→ **What you will do**: Transcribe word for word each line from the one containing "The County Line" to the final line of the data, both included. Skip the pictures.

→ **Data provided**:
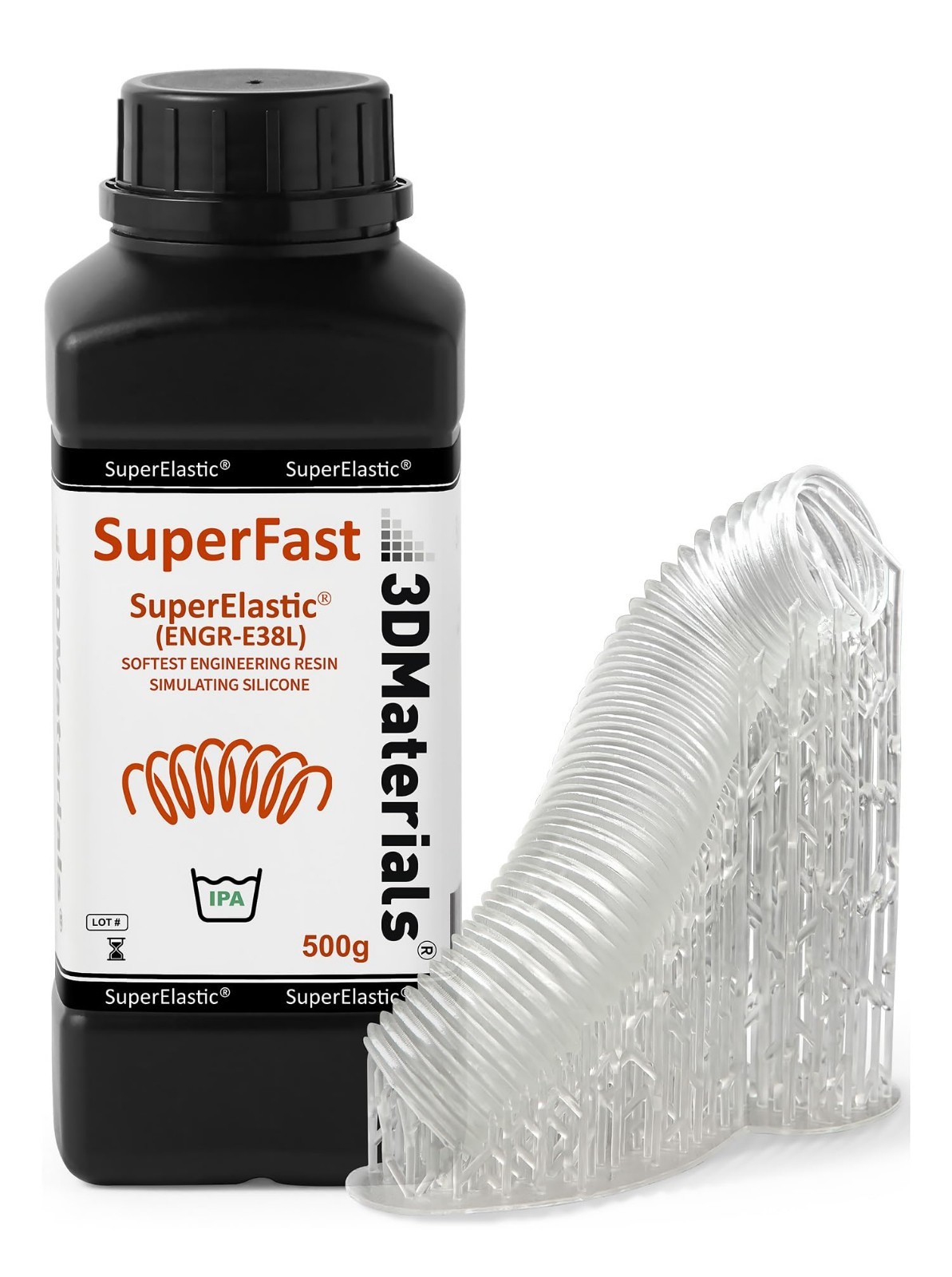 High-Performance 3D Printer Resin, 60A Soft Silicone, Clear, 500g for Durable Pr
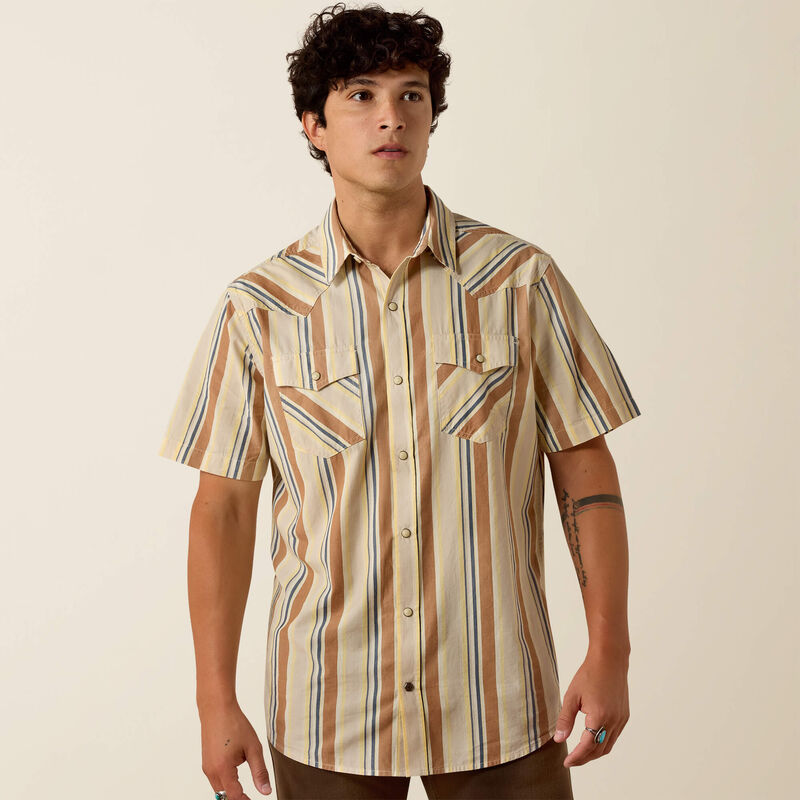 The County Line Men's S/S Pearl Snap Retro Fitted Shirt by Ariat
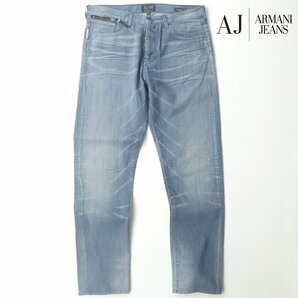 極美品 ジョルジオアルマーニ ARMANI JEANS J16 Low Crotch Antifit ケミカルウォッシュ ブリーチ加工 デニム ストレートパンツ W30 L34の画像1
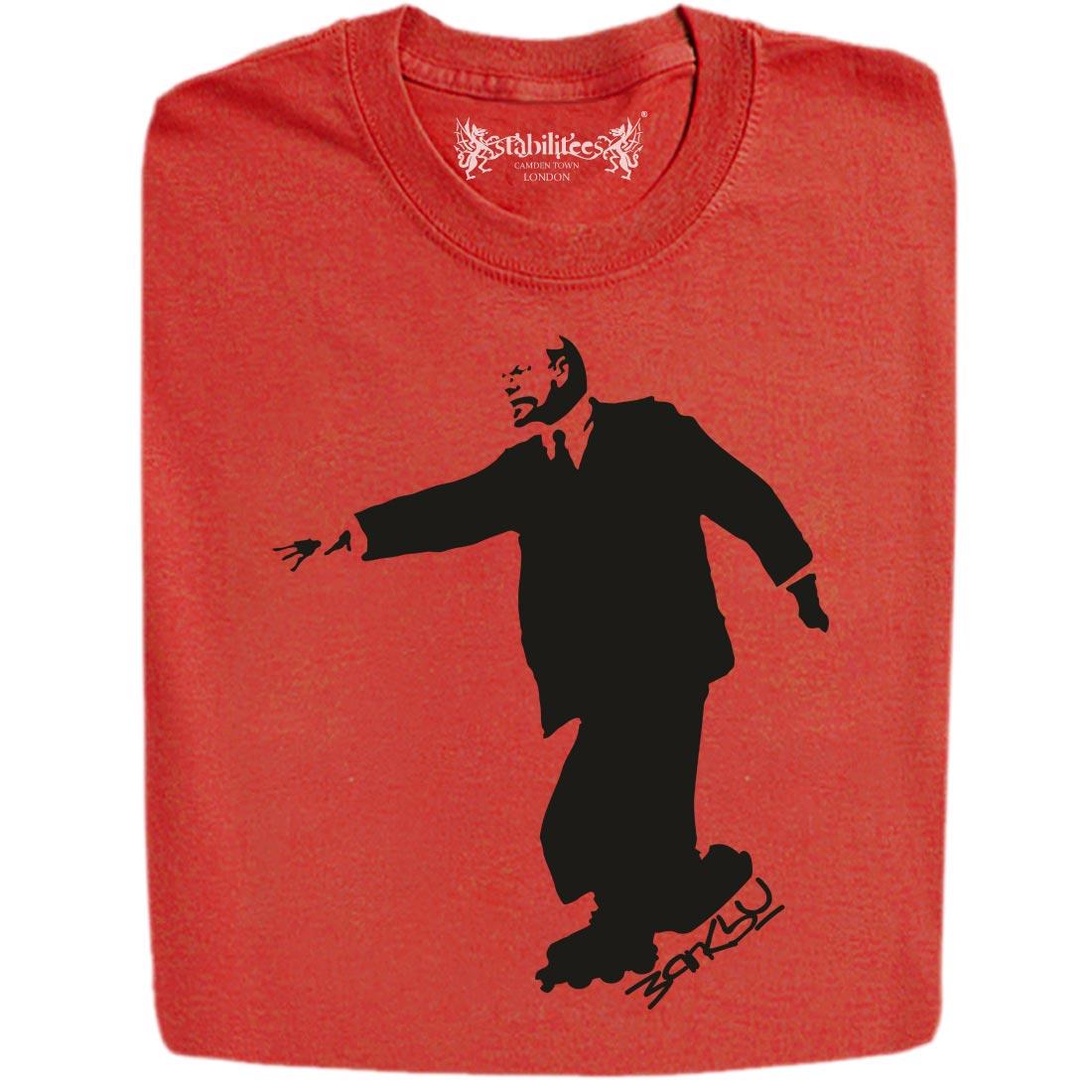 Stabilitees Banksy Stencil Street Art Lenin on Roller Blades Mens T Shirts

→ **Final answer**:
 The County Line Men's S/S Pearl Snap Retro Fitted Shirt by Ariat
 極美品 ジョルジオアルマーニ ARMANI JEANS J16 Low Crotch Antifit ケミカルウォッシュ ブリーチ加工 デニム ストレートパンツ W30 L34の画像1
 Stabilitees Banksy Stencil Street Art Lenin on Roller Blades Mens T Shirts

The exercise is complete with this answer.